Case ID: mass_460/html/1001-01.html
Source: Caselaw Access Project
Author: {"author": "", "license": "Public Domain", "url": "https://static.case.law/"}
Date Created: 2024-08-24T03:29:51.129683

Care and Protection of Helena.
    June 21, 2011.
    
      Moot Question. Practice, Civil, Moot case.
    
      Sarah Lyons, Committee for Public Counsel Services, for the mother.
    
      Tamar M. Gureghian for the child.
    
      Muriel Finnegan for Department of Children & Families.
   The Department of Children and Families (department) brought a care and protection action against the mother of Helena (child) and the child’s father. The department was granted temporary custody of the child, first on an emergency basis and then following a so-called seventy-two-hour hearing. The mother then filed a petition, pursuant to G. L. c. 211, § 3, in the county court, requesting that the order of temporary custody be vacated. A single justice of this court denied the petition without a hearing, and this appeal followed. In an order previously issued pursuant to S.J.C. Rule 2:21, as amended, 434 Mass. 1301 (2001), we allowed the appeal to proceed in the regular course.
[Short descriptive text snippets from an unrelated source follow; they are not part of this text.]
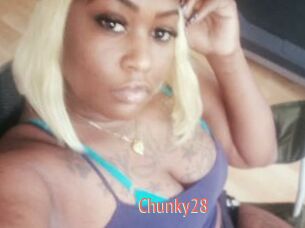 Chunky28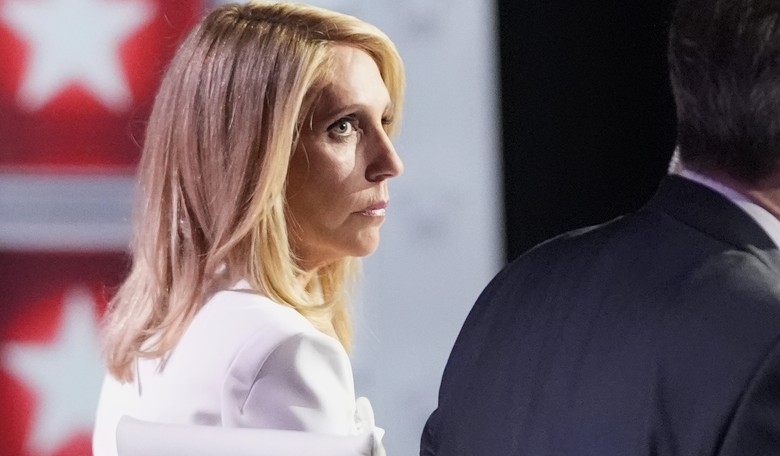 CNN Horrified That Trump Used the Word 'Insurrectionists'
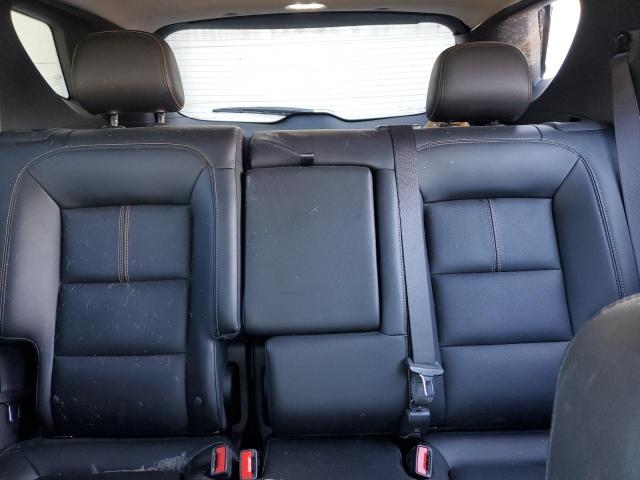 Фото 10 - CHEVROLET EQUINOX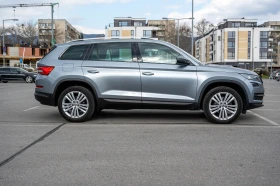 Skoda Kodiaq 2.0 TDI 7DSG, снимка 2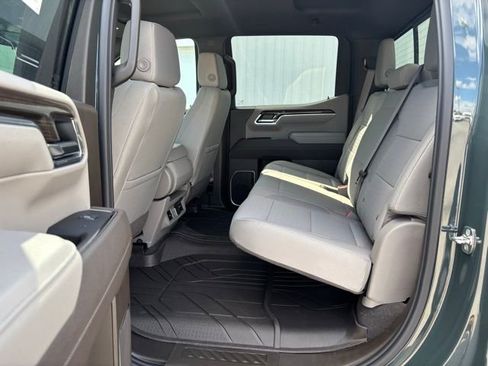 New 2026 Chevrolet Silverado 1500 LT w/ Safety Package image 14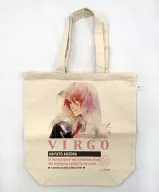 青空颯斗 キャンバストートバッグ 「Starry☆Sky」 スタ☆スカTシャツ 購入特典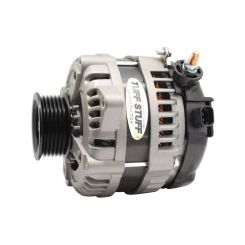 Tuff Stuff 225 MAX AMP Alternator 6-Groove 1-Wire Cast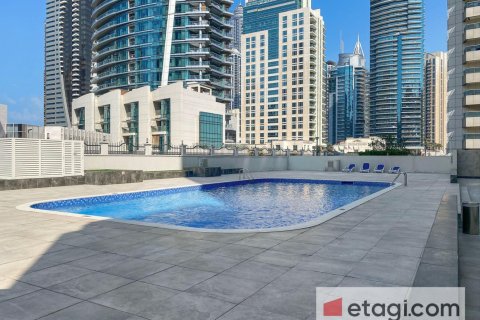 Apartment de 1 dormitorio en Marina Diamonds, UAE No. 48825 16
We now dismiss the appeal as moot. While the appeal has been pending, the underlying care and protection case has been dismissed in the trial court, and custody of the child has been returned to the mother. See Care & Protection of Torrence, 454 Mass. 1010, 1010 (2009). We have considered the parties’ arguments as to why the court might decide the case irrespective of its mootness. We decline to reach the merits in this case, however. The mother’s petition was summarily denied by the single justice, and the issues raised by the appeal, while capable of repetition, will not evade appellate review.

Appeal dismissed. 
      
      Given this disposition, we need not rule on the department’s motion to strike the child’s brief and certain affidavits of counsel (which, we note, were not before the single justice in any event).